The British efforts were along similar lines, although they came late in the war, under the leadership of an Australian geologist. Their efforts were especially useful in connection with the large amount of tunnelling and mining done on the British front. Among the many unexpected and special uses of geology might be cited the microscopical identification of raw materials used in the German cement. It became necessary for certain purposes to know where these came from. The microscope disclosed a certain volcanic rock known to be found in only one locality. In the Palestine campaign, the knowledge of sources of road material and water supply based on geologic data was an important element in the advance over this arid region. Wells were drilled and water pipes laid in accordance with prearranged plans.

In spite of the fact that the usefulness of geology had been clearly indicated by the experience of the German and British armies, the American Expeditionary Force was slow to avail itself in large measure of this tool; but after some delay a geologic service was started on somewhat similar lines under the efficient leadership of Lieutenant-Colonel Alfred H. Brooks, Director of the Division of Alaskan Resources in the U. S. Geological Survey. The work was organized in September, 1917, and during the succeeding ten months included only two officers and one clerk. For the last two months preceding the armistice there was an average of four geologic officers on the General Staff, in addition to geologists attached to engineering units engaged in road building and cement making, and plans had been approved for a considerable enlargement of the geologic force. The work was devoted to the collection and presentation of geologic data relating to (1) field works; (2) water supply; and (3) road material. Of these the first two received the most attention. Maps were prepared, based somewhat on the German model, for the French defenses of the Vosges and Lorraine sectors, and for the German defenses of the St. Mihiel, Pont-a-Mousson, and Vosges sectors. Water supply reports covered nearly 15,000 square kilometers. The following description of the formations, taken from the legend of one of the geologic maps, shows the nature of the data collected:

Silt, clay and mud, with some limestone gravel, usually more or less saturated, except during dry season (June to September), in many places subject to flooding. Surface usually soft except during Summer. These deposits are ½ to 2 meters thick in the small valleys, and 2 to 3 meters in the —— Valleys. Unfavorable to all field works on account of ground-water and floods, and not thick enough for cave shelters.

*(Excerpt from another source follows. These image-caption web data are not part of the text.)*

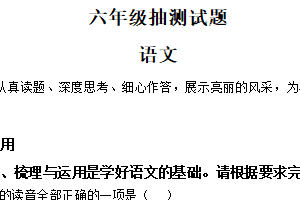 2024-2025学年江苏省徐州市邳州市等多市统编版六年级下册期末小升初抽测语文试卷（含解析）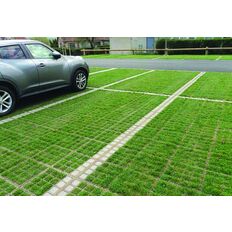 Dalle carrossable pour végétalisation des sols urbains | O2D Green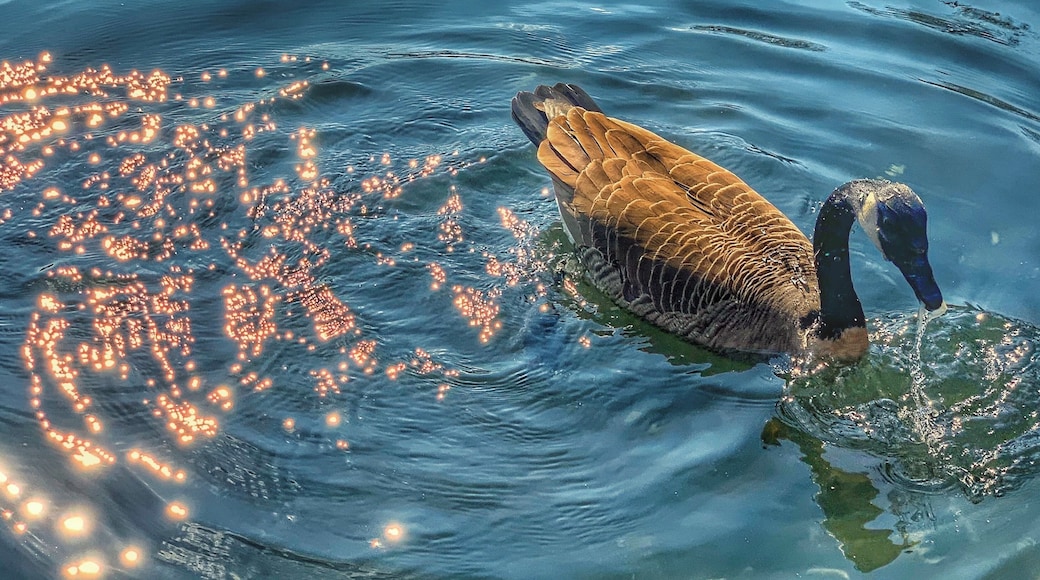 Relaxing and enjoying itself in the cold water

Silts with some clay and fine sands and locally some fine gravel and rock débris. These deposits occur principally on summits and slopes, and are probably from 1 to 2 meters thick. Even during dry season (June to September) they retain moisture and afford rather soft ground. In wet season the formation is very soft and often muddy. In many places water occurs along bottom of these deposits. Favorable for trenches, but which require complete revetment, and ample provision for drainage, not thick enough for cave shelters; cut and cover most practical type of shelter.